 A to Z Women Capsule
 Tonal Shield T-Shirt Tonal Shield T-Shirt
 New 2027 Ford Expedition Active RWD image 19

◆ Exercise objective ◆
Leaving nothing out, print each line above exactly.

◆ Answer to the exercise ◆
 A to Z Women Capsule
 Tonal Shield T-Shirt Tonal Shield T-Shirt
 New 2027 Ford Expedition Active RWD image 19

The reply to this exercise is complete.